I bambini non giocano più, di Marcello Comitini

 

I bambini camminano eretti
come piccole statue di creta,
non sanno, tra loro non giocano più
al parco con la palla e il cerchio
non guardano i prati, le rose, i merli
il sole che scherza con le foglie.
Hanno un tepore di luce che li precede,
un disinganno che spegne la luce.
Un po’ spauriti un po’ spaventati
dai silenzi e dalle discordie
che si avventano dalle labbra degli adulti
come streghe nelle notti di halloween
con bastoni di cuoio e mani adunche.
Conoscono le solitudini, sì le conoscono,
sanno d’essere comandati
giorno per giorno da più alti livelli
come nei video giochi
che li fanno soffrire e gioire.
Coccolati o dimenticati
tra le mura di casa
lo apprendono nelle piscine, nei teatri di danza
dove sono condotti per conquistare
capacità impensabili, desiderate dagli altri.

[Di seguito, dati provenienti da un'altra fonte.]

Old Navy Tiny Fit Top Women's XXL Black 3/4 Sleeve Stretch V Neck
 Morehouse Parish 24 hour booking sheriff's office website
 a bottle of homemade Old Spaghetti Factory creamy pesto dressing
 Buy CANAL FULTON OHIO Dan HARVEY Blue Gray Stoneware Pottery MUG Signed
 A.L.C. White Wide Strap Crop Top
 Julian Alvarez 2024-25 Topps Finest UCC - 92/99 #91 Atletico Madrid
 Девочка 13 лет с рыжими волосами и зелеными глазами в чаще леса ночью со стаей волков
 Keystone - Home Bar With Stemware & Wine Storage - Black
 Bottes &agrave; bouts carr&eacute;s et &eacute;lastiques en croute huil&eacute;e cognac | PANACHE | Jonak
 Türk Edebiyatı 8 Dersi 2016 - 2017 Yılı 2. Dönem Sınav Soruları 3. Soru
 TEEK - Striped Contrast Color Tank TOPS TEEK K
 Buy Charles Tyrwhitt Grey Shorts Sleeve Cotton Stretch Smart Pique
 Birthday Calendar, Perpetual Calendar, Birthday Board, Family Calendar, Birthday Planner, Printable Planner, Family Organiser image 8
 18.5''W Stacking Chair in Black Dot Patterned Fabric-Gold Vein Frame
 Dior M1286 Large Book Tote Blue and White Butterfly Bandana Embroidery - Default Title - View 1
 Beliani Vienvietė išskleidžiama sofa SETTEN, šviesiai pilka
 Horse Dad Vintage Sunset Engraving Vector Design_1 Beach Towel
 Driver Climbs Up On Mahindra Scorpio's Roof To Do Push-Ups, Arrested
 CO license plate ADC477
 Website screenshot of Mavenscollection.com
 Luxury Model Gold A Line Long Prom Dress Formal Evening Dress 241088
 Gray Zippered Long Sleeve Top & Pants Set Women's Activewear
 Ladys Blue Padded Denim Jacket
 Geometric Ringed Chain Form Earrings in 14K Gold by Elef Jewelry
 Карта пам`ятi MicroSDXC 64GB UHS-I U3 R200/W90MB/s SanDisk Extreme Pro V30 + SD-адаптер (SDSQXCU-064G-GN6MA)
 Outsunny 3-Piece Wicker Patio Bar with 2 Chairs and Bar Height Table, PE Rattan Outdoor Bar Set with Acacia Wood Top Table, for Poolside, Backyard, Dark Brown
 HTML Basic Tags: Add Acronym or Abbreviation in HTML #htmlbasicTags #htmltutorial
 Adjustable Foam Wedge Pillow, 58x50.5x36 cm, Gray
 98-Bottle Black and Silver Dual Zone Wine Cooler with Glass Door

Accompagnati per mano dalla paura
crescono e pensano
di non essere capaci d’amare, preferiscono
amicizie lontane, toccare il corpo dell’altro
quando il desiderio li brucia
o lo sognano nudo tra le braccia
attraverso un video rubato
e poi lo sbranano con urla e ricatti.
Una generazione che pullula davanti ai bar
con una bottiglia in mano e tante risate.
Intende resistere con noncuranza alla trappola
che inesorabile inghiotte da sempre
giovane dopo giovane lo trasforma in adulto
lo chiude tra le sbarre dorate del dovere.
I bambini lo sanno, camminano eretti
come piccole statue. Non giocano più.